Per quanto storpio, invalido, debole,  era sopravissuto.
Che sarcasmo atroce.
 
 
… Quando mi aveva riconosciuto, aveva cercato di mettersi in piedi,a fatica,  ero volata da loro, ci eravamo stretti, tutti e tre, senza parole, così forte da farci male. Dopo, lui mi aveva buttato le braccia sul busto, la testa sul petto, sentendo le mie spalle che sussultavano mi aveva baciato una guancia, asciugato le lacrime con le mani, già non era il momento per quello... Io altrettanto, dovevamo calmarci e andare via.
Una radura, eravamo in quella maledetta parte di foresta, e il buio e la disperazione mi stavano sommergendo.
E sentivo Olga a un battito, vicina, anche se sapevo che era morta, solo quello, che mi era vicina, che sarebbe rimasta sempre, nei ricordi e nella memoria. E ancora non era il momento, avrei pianto dopo, per loro e mio padre, come per Alessandra, vite spezzate in nome di nulla
..  
Olga e il suo sorriso.
Tatiana, il lampo grigio del suo sguardo che raccontava quello che non diceva... e mille e mille cose, petali e frammenti, ricordi e risate, una vita da vivere anche per loro. E la speranza era il bagliore di quei grandi occhi, ora come allora, una delicata sfumatura di azzurro come quando sorge l'alba, era un miracolo che fossero scampati all'eccidio, altro prodigio che avessimo lasciato Ekaterimburg  senza farci ammazzare. 

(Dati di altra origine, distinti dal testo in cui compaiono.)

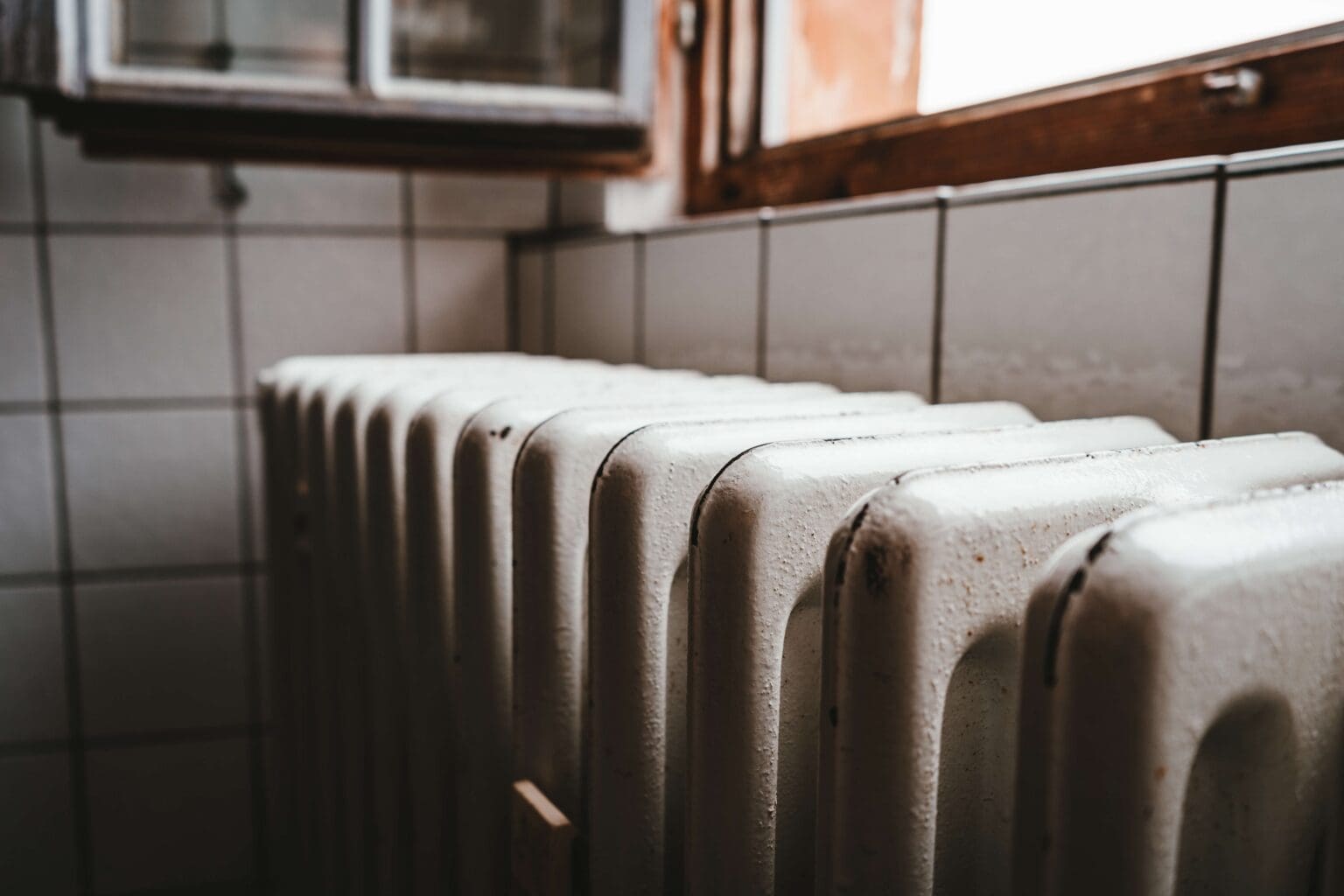 An old white radiator situated below a window in a kitchen with tiled walls, emitting warmth in a dimly lit setting.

Ma che inventare, se non mi parlavi .. Anzi, non parlavi con nessuno, siamo giusti, ci intendevamo a gesti, ti facevi  accudire solo da me, di pura malavoglia,  e tanto eri furioso. Con la vita, la tua debolezza apparente, con me e tutto il mondo. Tralasciando che se mi assentavo un’ora, mi cercavi con gli occhi, “Non te ne andare” e appena ricomparivo mi serravi il polso, possessivo. E il sollievo ti si  dipingeva sul viso, guai a me se volevo cambiare aria, ubriacarmi o che.. Eri una mia responsabilità, era amore al principio, come ora, tranne che ero ghiaccio, neve e brina, la mia freddezza era solo apparente ..  fino a quando non ne combinasti una delle tue, a stretto giro, dopo le mie solitarie isterie del lutto.
Mi hai tirato addosso tazze, asciugamani, e via così, la rabbia di una vicenda terribile.. E comunque, avevi reagito, tranne che ti avrei appeso per le orecchie.

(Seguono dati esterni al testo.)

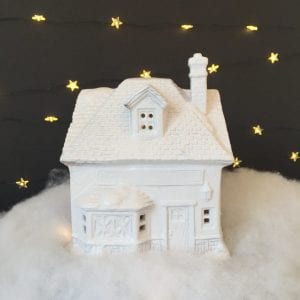 update a dollar store Christmas village with paint and glitter spray!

Oddio. Mi facevi ammattire, come quando eri piccolo, sempre.  Dicevo, mi allontanavo e .. non volevi, mi lanciavi certe occhiate da incenerire, e tanto non mi avresti mai implorato di rimanere, o portarti con me, la notte mi volevi stare vicino .. appena facevo un movimento mi eri subito addosso, le dita sul mio braccio, mi allungavo per metterti comodo, ci disponevamo in posizione di arrocco, difesa e scongiuro, tesoro, che dovevo fare con te se ero la prima a non sapere cosa fare con me stessa. Mi mancavi, Alessio, mi mancavi tanto, anche se eri vicino, mi mancava la tua voce, i tuoi sorrisi, la tua vivacità. E tanti che dovevo pretendere, eri scampato alla morte per un soffio, il trauma quando si sarebbe risolto.. Forse mai.
Mi sfogavo con Andres, il sesso era il mio sfogo, in quelle settimane ci allontanavamo pochi minuti e .. Era la voracità di vita, un gesto di sfida e guerra, da puttana e sopravissuta, lui taceva, mi desiderava fino a stare male, da quando stavamo insieme ne avevamo passate troppe insieme, la realtà superava la fantasie.
I particolari, immagini e frammenti, vivevamo sdoppiati, una specie di doloroso trance.